The White House actively denied claims Biden’s mental health was declining, with White House press secretary Karine Jean-Pierre characterizing a video of the President wandering away from world leaders at the G7 Summit as a “cheap fake” and claiming it was orchestrated by Republicans. Much of the corporate media supported the White House’s effort, with panelists on MSNBC’s Morning Joe describing a June article from The Wall Street Journal (WSJ) that detailed the president’s declining mental health as “outrageous,” and CNN’s Bakari Sellers suggesting in July, well after the debate, that there was no reason to believe Biden could not serve for another four years.

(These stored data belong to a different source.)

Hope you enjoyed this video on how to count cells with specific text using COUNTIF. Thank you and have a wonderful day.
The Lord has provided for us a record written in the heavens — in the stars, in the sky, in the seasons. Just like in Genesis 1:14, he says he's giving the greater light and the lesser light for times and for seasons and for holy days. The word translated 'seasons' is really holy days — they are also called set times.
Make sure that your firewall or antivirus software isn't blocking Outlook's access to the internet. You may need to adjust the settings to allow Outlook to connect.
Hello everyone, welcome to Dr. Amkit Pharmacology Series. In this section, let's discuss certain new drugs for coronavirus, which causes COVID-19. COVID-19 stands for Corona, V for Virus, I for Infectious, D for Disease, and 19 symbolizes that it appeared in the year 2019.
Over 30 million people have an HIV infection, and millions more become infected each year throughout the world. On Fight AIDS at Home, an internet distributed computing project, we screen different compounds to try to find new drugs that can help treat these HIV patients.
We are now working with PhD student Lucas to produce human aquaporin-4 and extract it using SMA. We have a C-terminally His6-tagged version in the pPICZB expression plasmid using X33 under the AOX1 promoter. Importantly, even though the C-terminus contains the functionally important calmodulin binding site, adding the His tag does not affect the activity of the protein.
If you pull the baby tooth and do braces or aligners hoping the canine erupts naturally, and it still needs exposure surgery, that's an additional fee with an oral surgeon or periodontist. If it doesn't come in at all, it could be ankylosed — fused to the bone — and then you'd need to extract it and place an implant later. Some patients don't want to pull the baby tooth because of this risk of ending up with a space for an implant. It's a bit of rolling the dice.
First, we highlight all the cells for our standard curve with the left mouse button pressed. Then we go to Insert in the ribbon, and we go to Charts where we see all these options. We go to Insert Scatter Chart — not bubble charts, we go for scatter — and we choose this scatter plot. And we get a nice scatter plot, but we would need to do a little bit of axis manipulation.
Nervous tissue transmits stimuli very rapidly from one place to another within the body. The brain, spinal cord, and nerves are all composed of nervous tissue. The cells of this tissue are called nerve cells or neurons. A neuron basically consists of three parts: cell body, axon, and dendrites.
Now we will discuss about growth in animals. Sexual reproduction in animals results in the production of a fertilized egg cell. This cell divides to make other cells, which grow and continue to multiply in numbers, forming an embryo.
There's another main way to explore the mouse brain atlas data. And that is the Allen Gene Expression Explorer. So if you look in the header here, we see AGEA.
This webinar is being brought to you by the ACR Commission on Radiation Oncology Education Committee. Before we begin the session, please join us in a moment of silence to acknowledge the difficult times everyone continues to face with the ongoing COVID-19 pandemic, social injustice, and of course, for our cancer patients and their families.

Other examples of the media downplaying concerns over Biden’s mental acuity include The View co-host Whoopi Goldberg rushing to the president’s defense after co-host Alyssa Farah Griffin said Biden could have a “senior moment” on stage prior to the debate and MSNBC analyst Mike Barnicle describing members of the Democratic Party as cruel in July for trying to oust the president from the 2024 race.
More recently, former CNN political analyst Chris Cillizza apologized in a YouTube video posted in December for waiting too long to investigate concerns that Biden’s mental acuity was deteriorating, admitting that as a journalist he should have “pushed harder earlier for more information about Joe Biden’s mental and physical well-being.”
American talk show host Brian Lehrer made a similar apology in his response to Semafor: “Many callers to my show said Joe Biden was in no shape to run for re-election. I mostly dismissed it as ageism. Then I watched the debate.”